**PROBLEM TO WORK ON**
Repeat the data exactly. Pictures are not part of the copy.

**SUPPLIED DATA**

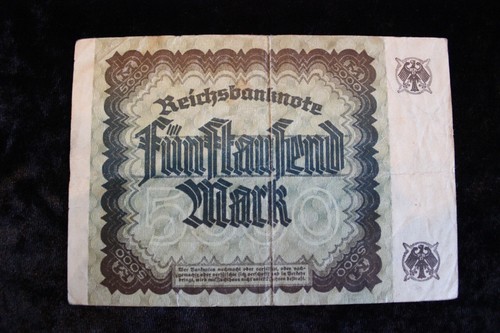 Alte geldschein reichsbanknote - alte,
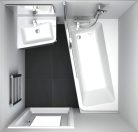 Kád, Ravak 10 aszimmetrikus változat balos 160x95 C831000000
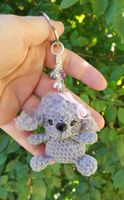 Amigurumi Schlüsselanhänger mit Hund Pudel Neu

**SOLUTION TO THE EXERCISE**
 Alte geldschein reichsbanknote - alte,
 Kád, Ravak 10 aszimmetrikus változat balos 160x95 C831000000
 Amigurumi Schlüsselanhänger mit Hund Pudel Neu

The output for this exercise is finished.